「価値ゼロの商品や共同使用の経済空間、非市場の組織、非所有の製品の世界を限界効用理論では理解できない。」(P.279)

再び「要綱」

メイソンは「要綱」を詳しく読み直していくつかの発見をしている。そのひとつ、マルクスは機械がいつまでも使える、つまり寿命が来ないなら、という前提で未来を考えていた。つまり情報化時代にはじめて現実になったことを1858年に亡命先のロンドンのガス灯の下で書いていた。

「価値の一部が社会的知識と公共科学によって無料で投入されている機械は、労働価値説にとって異質的な概念ではない。これらは、労働価値説の中心に据えられている。

しかし。マルクスは、もし、これらが多数存在したら、労働価値説に基づくシステムを破壊させることになる、と考えた。「粉々に破壊する」と「機械についての断章」の中で述べている。」(P.284)

小括

本稿ではP.メイソンの労働価値説擁護に焦点を当てた。彼の主張は広い範囲に及んでいるが、本書の最後には未来社会の可能性とそのおおまかな姿を示すことなる。

「本書の目的は、将来の枠組みを設計すること」(P.21、プロローグ)。

それは最終章の第10章で「プロジェクト・ゼロ」という表題のもとに展開されている。なぜそう呼ぶかといえば、CO2ゼロ、限界費用ゼロ、労働時間ゼロ、を目指すからだ。経済学の未来を設計するための科学につくりかえ、しかも実行段階では「大きな話」を避け、小規模でテストしていくことを提案している。そのためには次の5つの原則を掲げる。

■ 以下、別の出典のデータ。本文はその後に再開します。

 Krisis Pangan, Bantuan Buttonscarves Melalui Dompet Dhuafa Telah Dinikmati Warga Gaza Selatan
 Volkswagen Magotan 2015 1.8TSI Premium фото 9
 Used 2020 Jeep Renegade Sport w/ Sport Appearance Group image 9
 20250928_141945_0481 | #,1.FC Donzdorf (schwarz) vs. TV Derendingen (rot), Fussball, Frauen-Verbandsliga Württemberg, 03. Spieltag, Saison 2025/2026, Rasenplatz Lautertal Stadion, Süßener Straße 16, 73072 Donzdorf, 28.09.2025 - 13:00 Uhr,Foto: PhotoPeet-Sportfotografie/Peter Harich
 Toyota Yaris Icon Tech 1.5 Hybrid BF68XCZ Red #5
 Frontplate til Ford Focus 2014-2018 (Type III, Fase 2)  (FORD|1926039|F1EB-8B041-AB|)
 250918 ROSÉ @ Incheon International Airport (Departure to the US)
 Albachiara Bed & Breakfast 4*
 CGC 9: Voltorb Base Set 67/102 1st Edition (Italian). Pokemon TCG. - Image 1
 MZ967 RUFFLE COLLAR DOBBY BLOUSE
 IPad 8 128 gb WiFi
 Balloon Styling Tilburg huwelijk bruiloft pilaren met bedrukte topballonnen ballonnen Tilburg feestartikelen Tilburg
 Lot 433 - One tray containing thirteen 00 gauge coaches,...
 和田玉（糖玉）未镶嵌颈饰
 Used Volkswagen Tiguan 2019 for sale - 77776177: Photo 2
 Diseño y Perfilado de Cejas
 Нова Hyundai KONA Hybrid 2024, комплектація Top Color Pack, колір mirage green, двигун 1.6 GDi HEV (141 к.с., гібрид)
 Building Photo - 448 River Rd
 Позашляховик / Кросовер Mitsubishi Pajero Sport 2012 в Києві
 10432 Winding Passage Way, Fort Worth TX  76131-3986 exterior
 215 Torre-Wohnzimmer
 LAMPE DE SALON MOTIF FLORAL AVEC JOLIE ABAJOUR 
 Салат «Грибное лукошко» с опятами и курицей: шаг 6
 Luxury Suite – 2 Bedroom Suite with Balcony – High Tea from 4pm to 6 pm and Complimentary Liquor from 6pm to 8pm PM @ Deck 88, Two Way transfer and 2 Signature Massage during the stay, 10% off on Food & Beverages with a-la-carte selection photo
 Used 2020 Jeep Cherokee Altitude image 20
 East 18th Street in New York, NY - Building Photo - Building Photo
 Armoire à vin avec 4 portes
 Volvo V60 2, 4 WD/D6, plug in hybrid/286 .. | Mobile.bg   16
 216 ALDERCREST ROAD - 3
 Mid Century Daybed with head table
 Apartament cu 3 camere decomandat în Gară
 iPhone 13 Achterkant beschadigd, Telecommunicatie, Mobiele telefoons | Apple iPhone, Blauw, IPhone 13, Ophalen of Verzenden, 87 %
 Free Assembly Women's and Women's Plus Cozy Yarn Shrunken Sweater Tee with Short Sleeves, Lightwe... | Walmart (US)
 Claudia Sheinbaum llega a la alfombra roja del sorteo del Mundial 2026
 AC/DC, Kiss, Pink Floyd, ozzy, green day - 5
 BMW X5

人間の意志力には限界がある。 生態学的持続可能性 経済の移行だけでなく、人間の移行でもなければならない あらゆる方向から問題に取り組む。変化の担い手は国家や企業だけでなく、個人や普通の集団もそうである

私(評者)は『The NEXT』で中間領域の様々な組織に注目しているが、上記の主張と共有部分がある。メイソンが信用組合や協同組合などに期待を抱いているのはリフキンからの継承であるが、私も同意する。

情報力を最大限に生かす。つまりIoTの利用だ。それは知識を社会化することである。